--- MATERIAL FOR THIS TASK ---

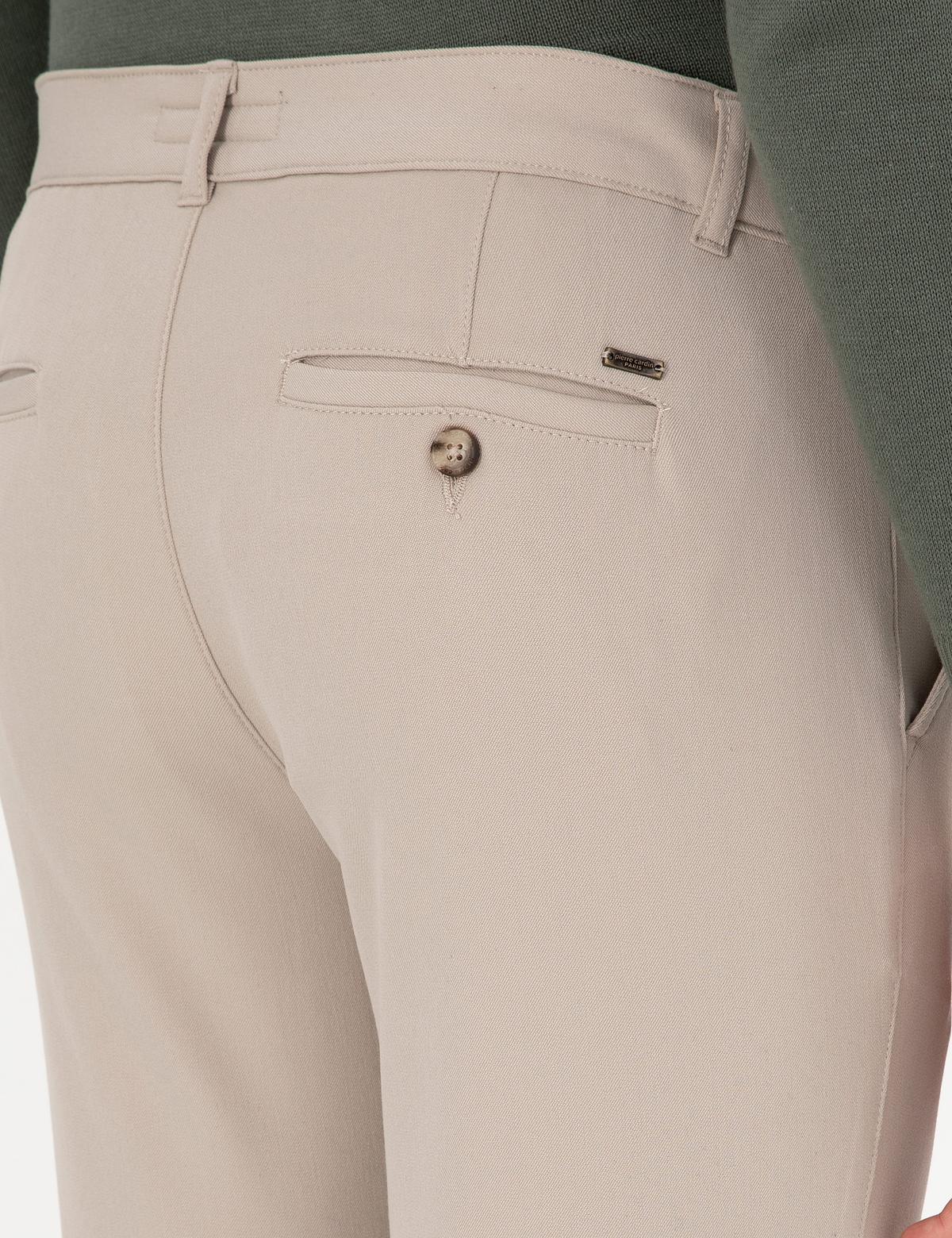 Bej Slim Fit Jogger Kanvas Pantolon - 50295934009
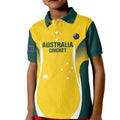 Custom Australia Cricket Kid Polo Shirt Go Champions Aussie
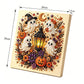 Halloween Ghost Diamond Painting Art 20x20cm - Rhinestone & Pearl Decor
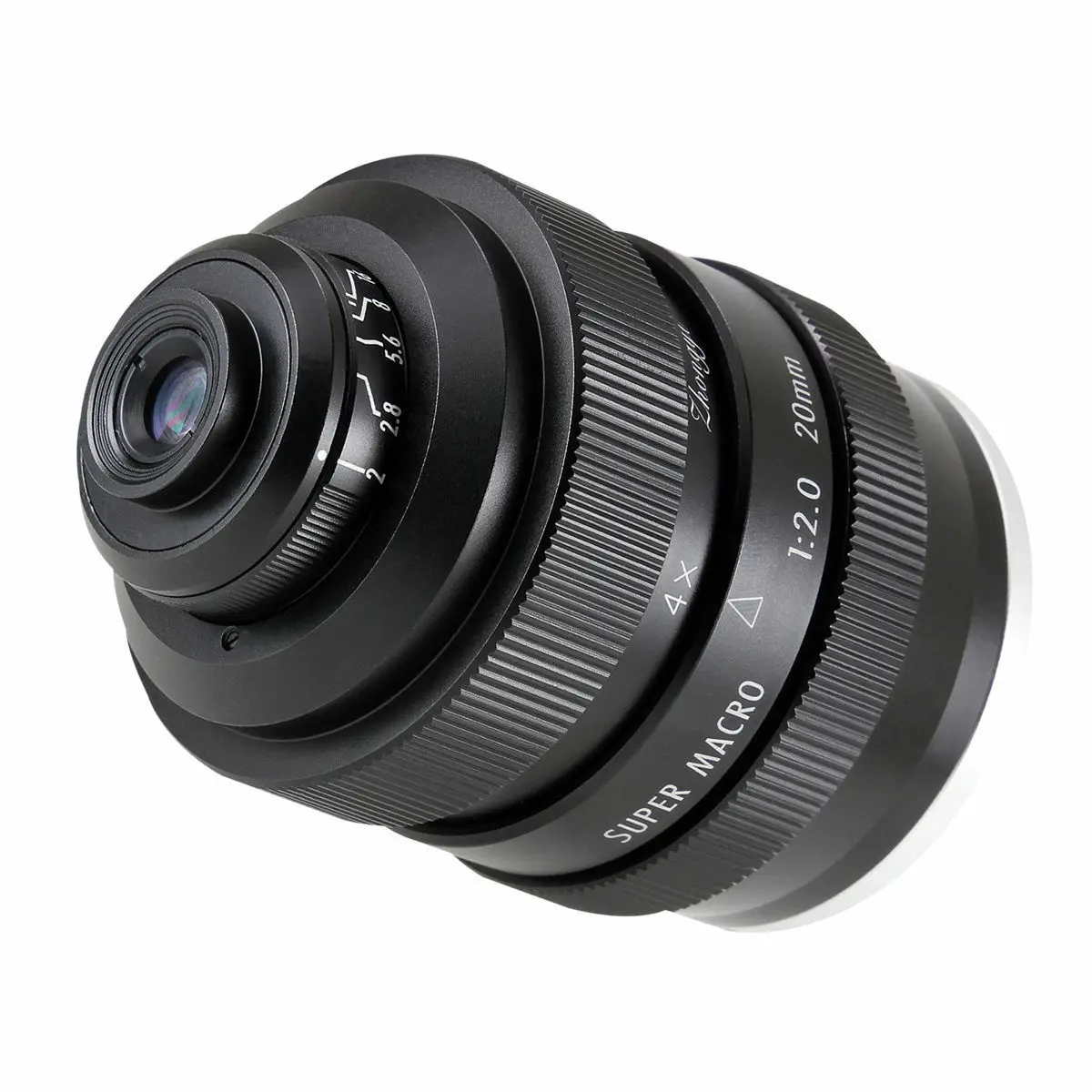 Супер макро объектив Zhongyi Mitakon 20 мм f/2 4.5X Для беззеркальных камер Sony E FE / Fujifilm X XF Micro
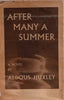 After Many a Summer [First Edition] | Aldous Huxley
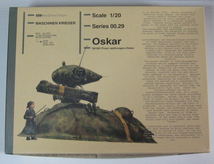 送料無料 モデルカステン 1/20 オスカル 絶版プラモデル マシーネンクリーガー MA.K Oskar_画像1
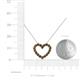 5 - Zayna Smoky Quartz Heart Pendant 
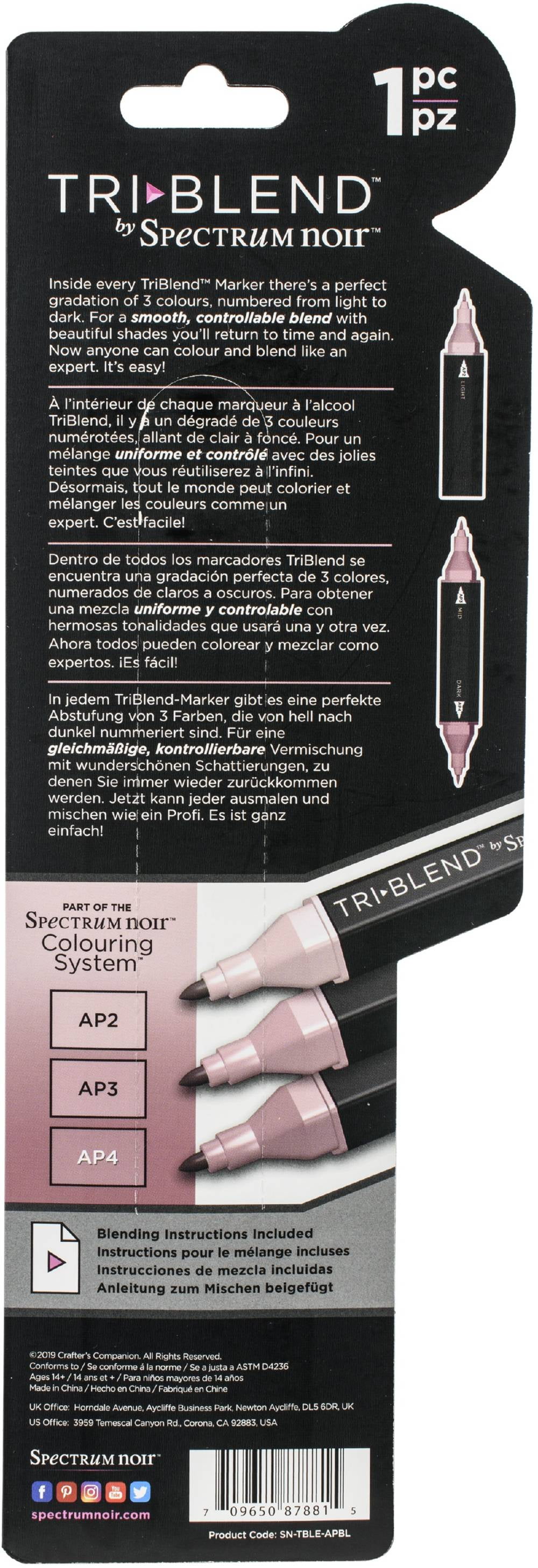 Spectrum Noir Triblend Marker-Antique Pink Blend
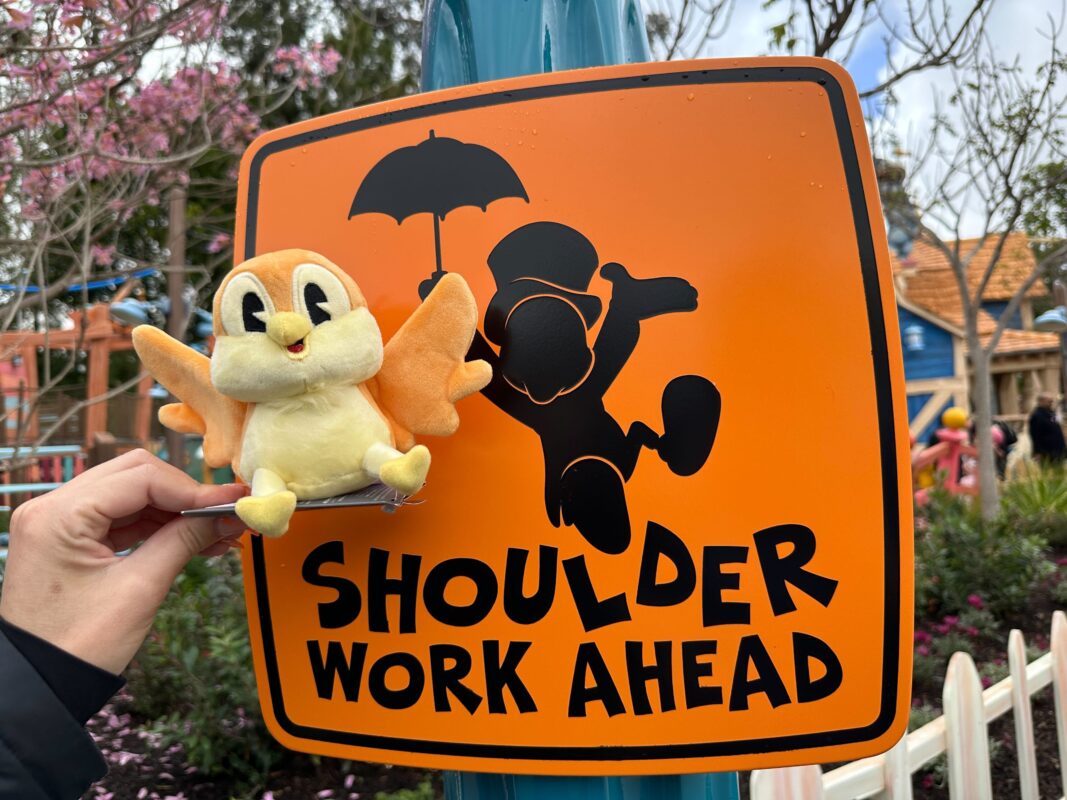 Chuuby shoulder plush available at Mickey's Toontown!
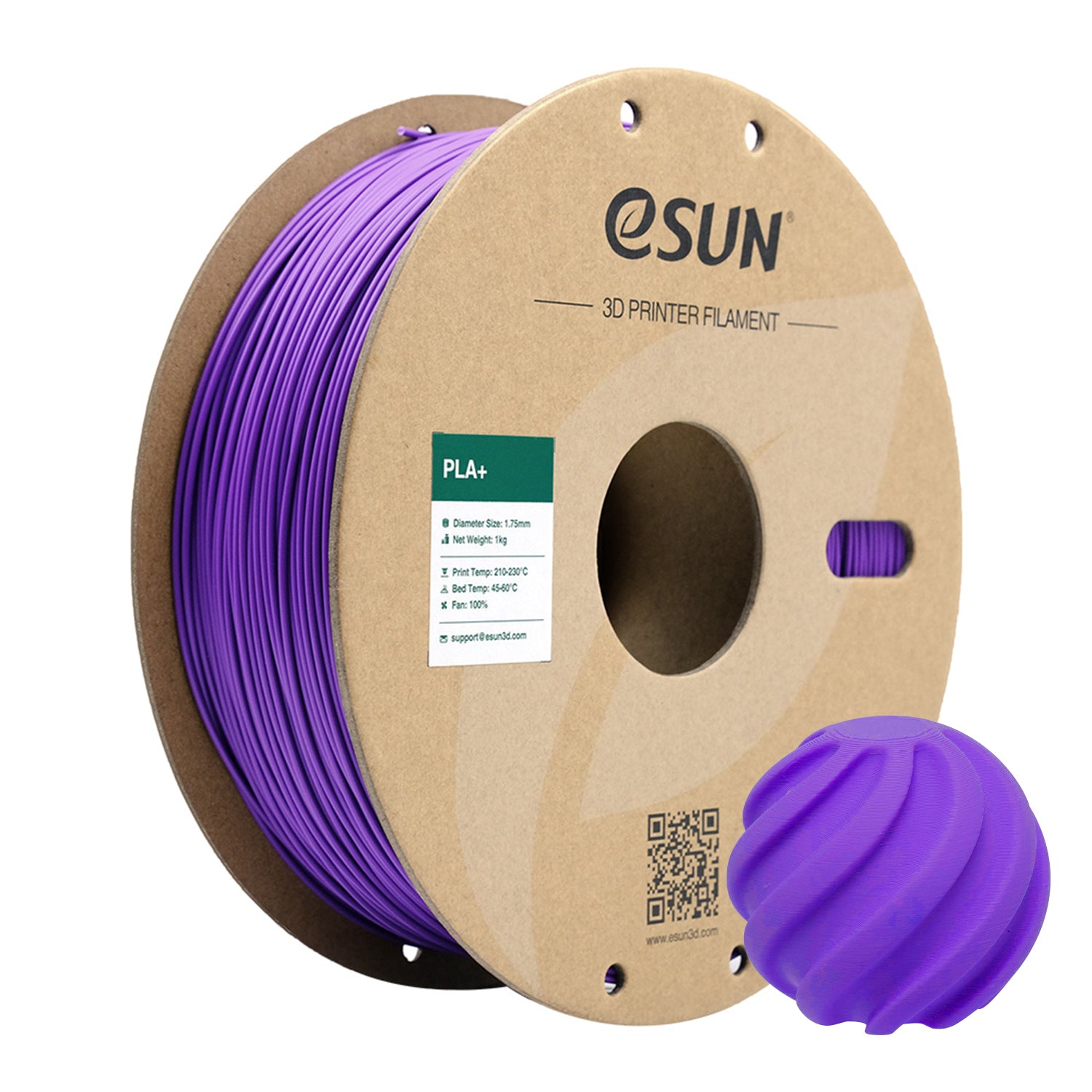 eSUN PLA+ 3D Printer Filament 1.75mm 1kg Spool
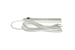 Surge Protector Power Strip With (6) 15A Outlets and 12ft Cord, White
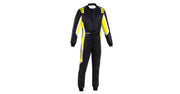 Sparco Sprint Pro 2025 FIA 8856-2018 racing suit in navy and gray, designed for high-performance motorsport safety.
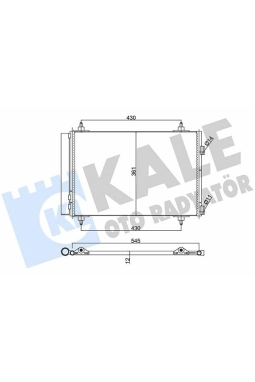 KALE 377900 | Klima Radyatörü (Kondenser) 05-307-308-3008-5008-C4-Brl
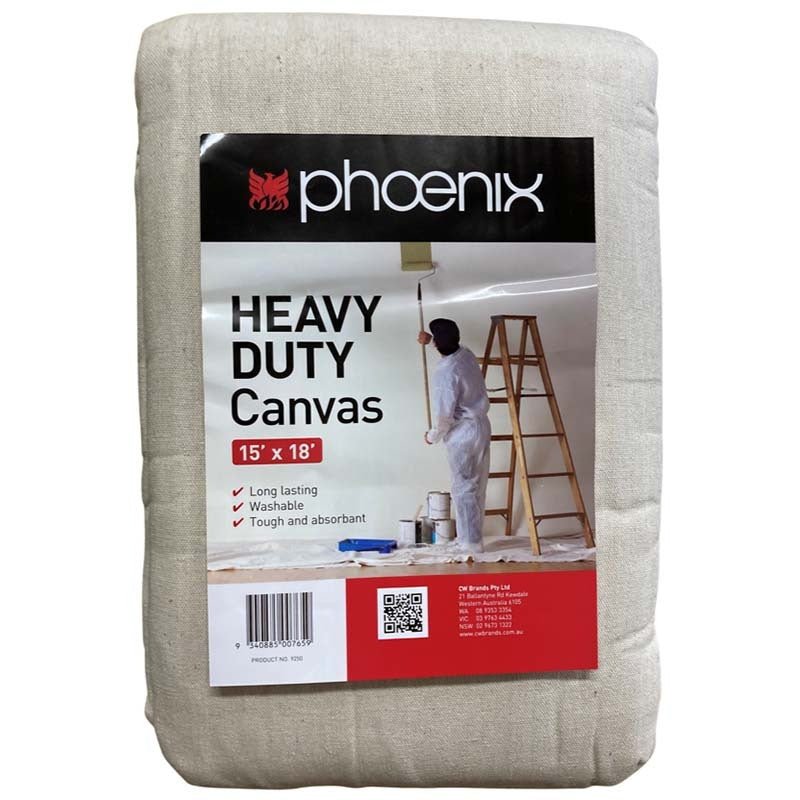 Phoenix Heavy Duty Canvas Drop Sheet - AIMS Industrial Supplies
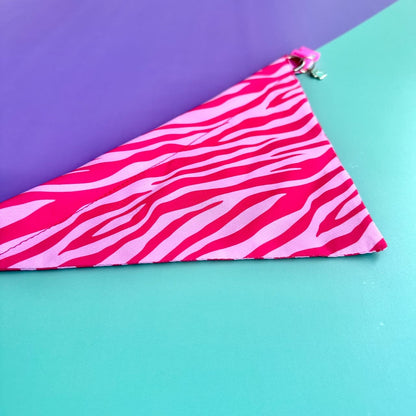 Pañoleta para perros Cebra rosado
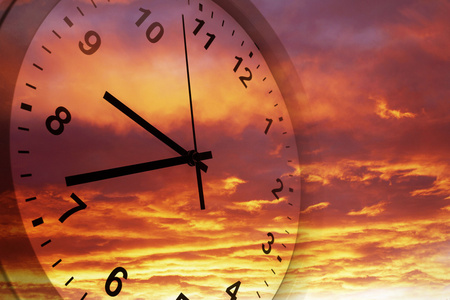 时间的流逝照片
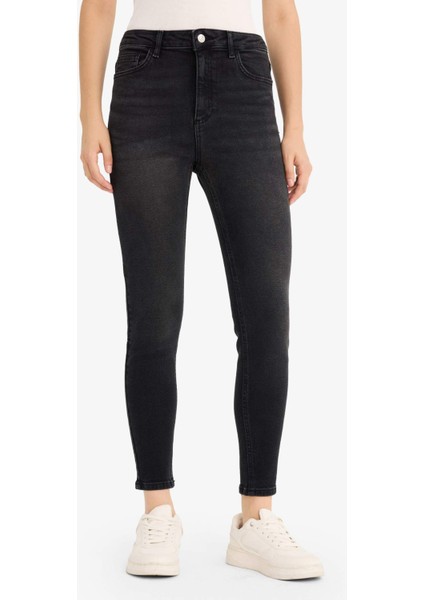 Skinny Fit Yüksek Bel Bilek Boy Jean Pantolon E9820AX25AU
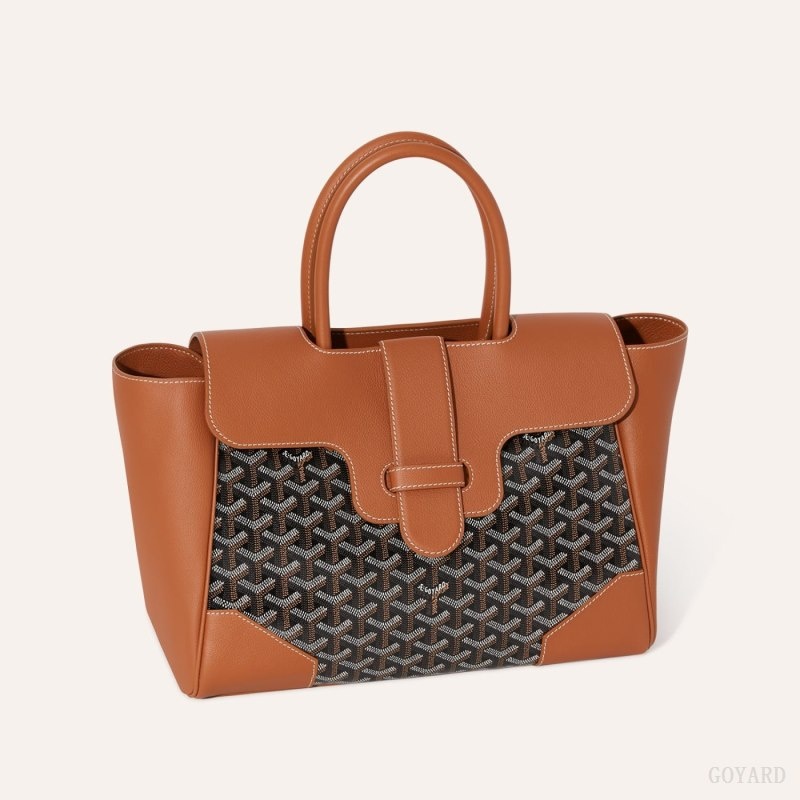 Goyard Saïgon tote bag Mustat Ruskea | NIXK4619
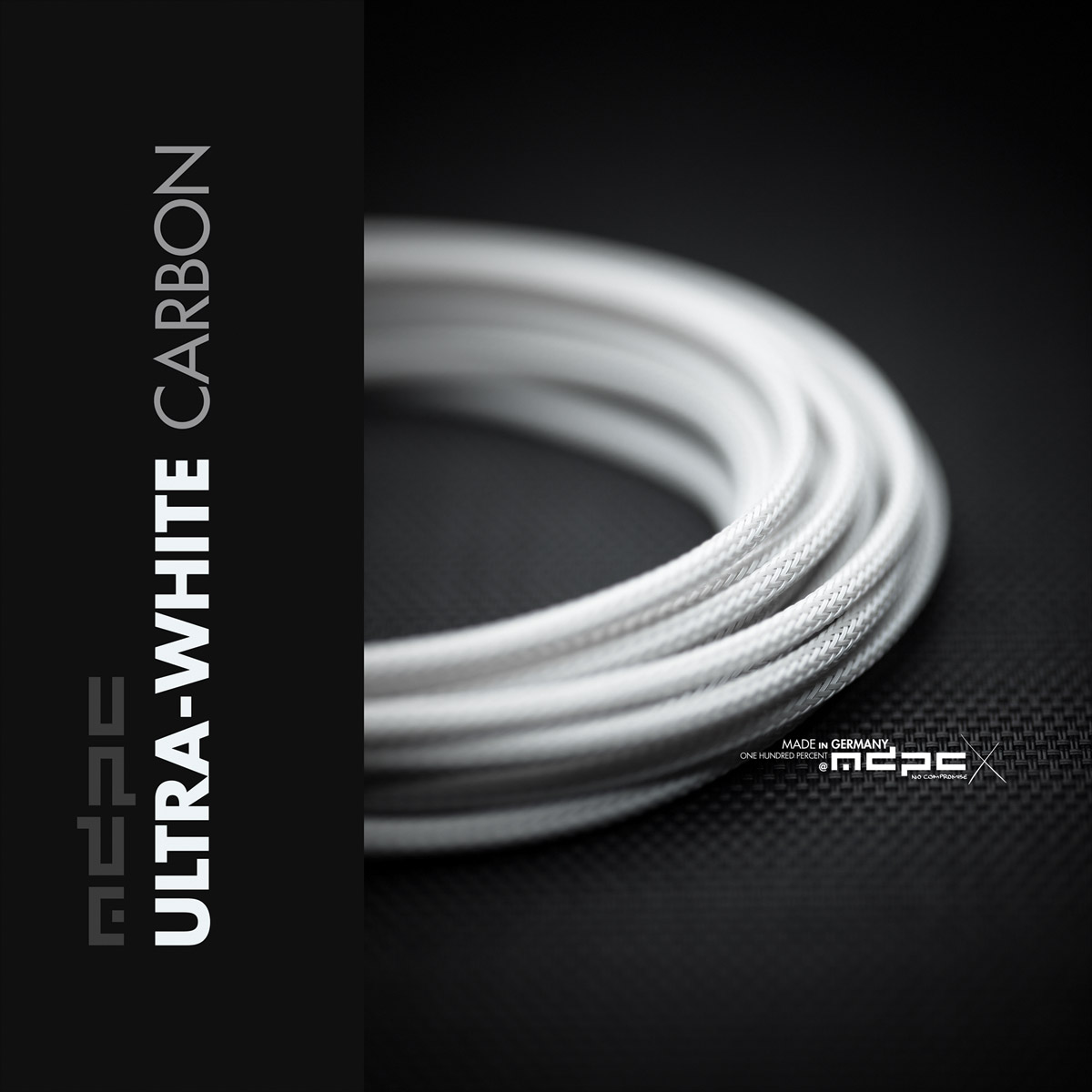 Ultra-White-Carbon Cable Sleeving SMALL 100m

---

_INSTRUCTIONS TO FOLLOW:_ What you give back must be exactly the lines of the listing above from the line containing "Custom Australia Cricket" through its last line, inclusive, without pictures, please.

_TASK SOLUTION:_
 Custom Australia Cricket Kid Polo Shirt Go Champions Aussie
 Halloween Ghost Diamond Painting Art 20x20cm - Rhinestone & Pearl Decor
 Супер макро объектив Zhongyi Mitakon 20 мм f/2 4.5X Для беззеркальных камер Sony E FE / Fujifilm X XF Micro
 After Many a Summer [First Edition] | Aldous Huxley
 送料無料 モデルカステン 1/20 オスカル 絶版プラモデル マシーネンクリーガー MA.K Oskar_画像1
 5 - Zayna Smoky Quartz Heart Pendant 
 Spectrum Noir Triblend Marker-Antique Pink Blend
 Chuuby shoulder plush available at Mickey's Toontown!
 eSUN PLA+ 3D Printer Filament 1.75mm 1kg Spool
 Surge Protector Power Strip With (6) 15A Outlets and 12ft Cord, White
 Sparco Sprint Pro 2025 FIA 8856-2018 racing suit in navy and gray, designed for high-performance motorsport safety.
 KALE 377900 | Klima Radyatörü (Kondenser) 05-307-308-3008-5008-C4-Brl
 Phoenix Heavy Duty Canvas Drop Sheet - AIMS Industrial Supplies
 Pañoleta para perros Cebra rosado
 时间的流逝照片
 Skinny Fit Yüksek Bel Bilek Boy Jean Pantolon E9820AX25AU
 Goyard Saïgon tote bag Mustat Ruskea | NIXK4619
 Ultra-White-Carbon Cable Sleeving SMALL 100m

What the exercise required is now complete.